The approach is first to calculate the total pressure and center of pressure locations for the shaft drag, fletching drag and Munk moment individually and then calculate the arrow total pressure and center of pressure location from the three components.
In the diagram the total drag force (T) acts at the arrow center of pressure at distance (Lt) behind the center of gravity (C). The total drag is the sum of the fletching drag (Ff), the shaft drag (Fs) and the Munk moment (Fm). The distances from the center of gravity to the fletching drag, shaft drag and Munk moment centers of pressure are Lf, Ls and Lm respectively. The resulting axis of rotation of the arrow (R) is at a distance 'A' in front of the arrow center of gravity.

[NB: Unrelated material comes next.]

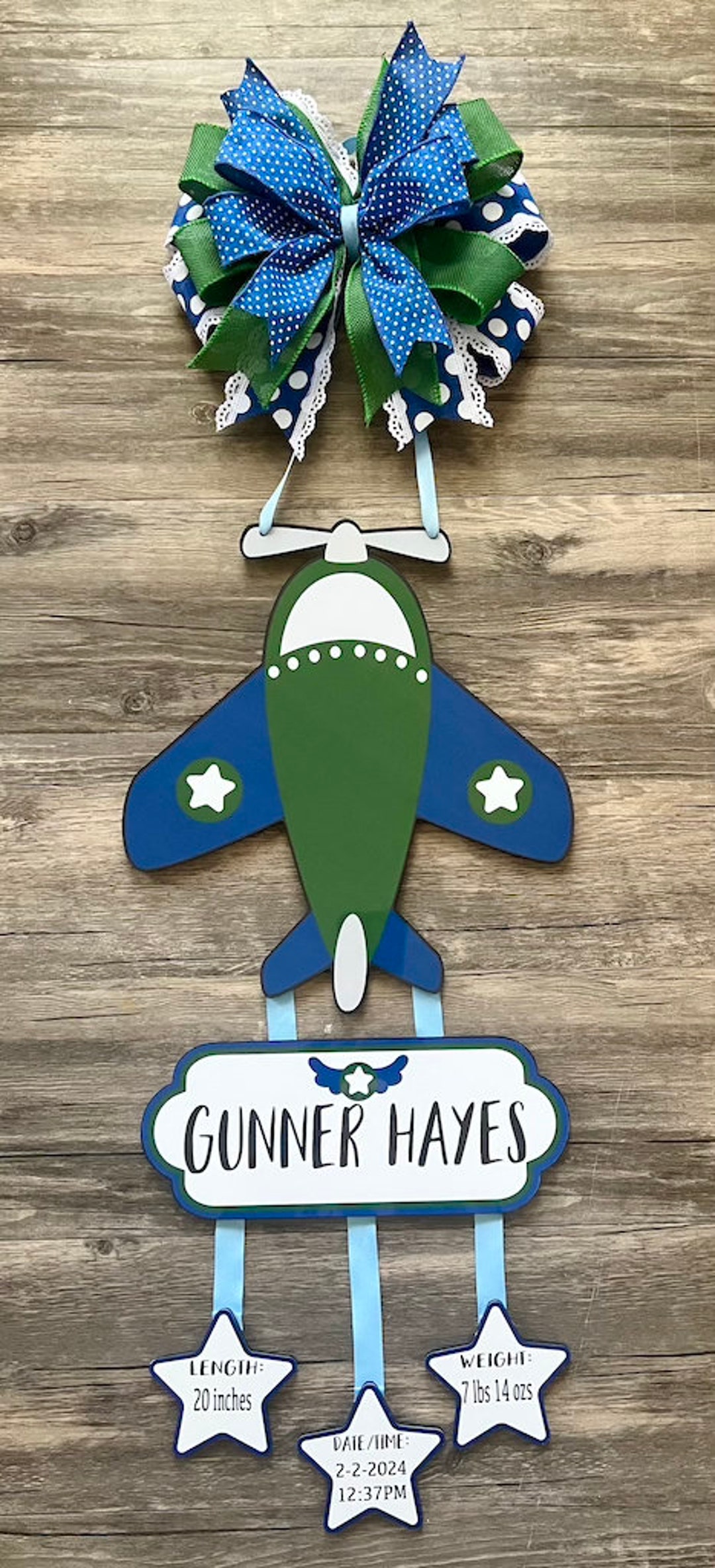 Airplane Baby Boy Door Hanger, Hospital Door Hanger, Personalized Baby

If you equate the moments for the arrow total pressure/center of pressure to the individual shaft/fletchings/Munk moment total pressures/centers of pressure you end up with the distance Lt being given by:-
Lt = (Fs Ls + Ff Lf - Fm Lm)/(Fs+Ff-Fm)
Suppose the arrow is 80 cm long and 0.5 cm diameter. The arrow FOC is 13%. The fletchings are assumed to be 2.5 cm long with each fletching having a total area of 3.5 square cm. The front of the fletchings are fitted 73 cm from the front of the shaft. There are 3 fletchings fitted at 120 degrees to the shaft and they are assumed to be triangular in shape.
To make life simple it is assumed that the drag properties of the shaft and fletchings are identical so instead of drag forces we can use drag areas. (main difference is in the shaft and fletching drag coefficients).
With an FOC of 13% the center of gravity is 10.4 cm in front of the center of the shaft.
The value of Fm is assumed at 1.5 square cms. (based on some rough measurements made some years ago).The center of pressure is assumed to act at the back of the arrow so Lm = 80/2 + 10.4 = 54 cms.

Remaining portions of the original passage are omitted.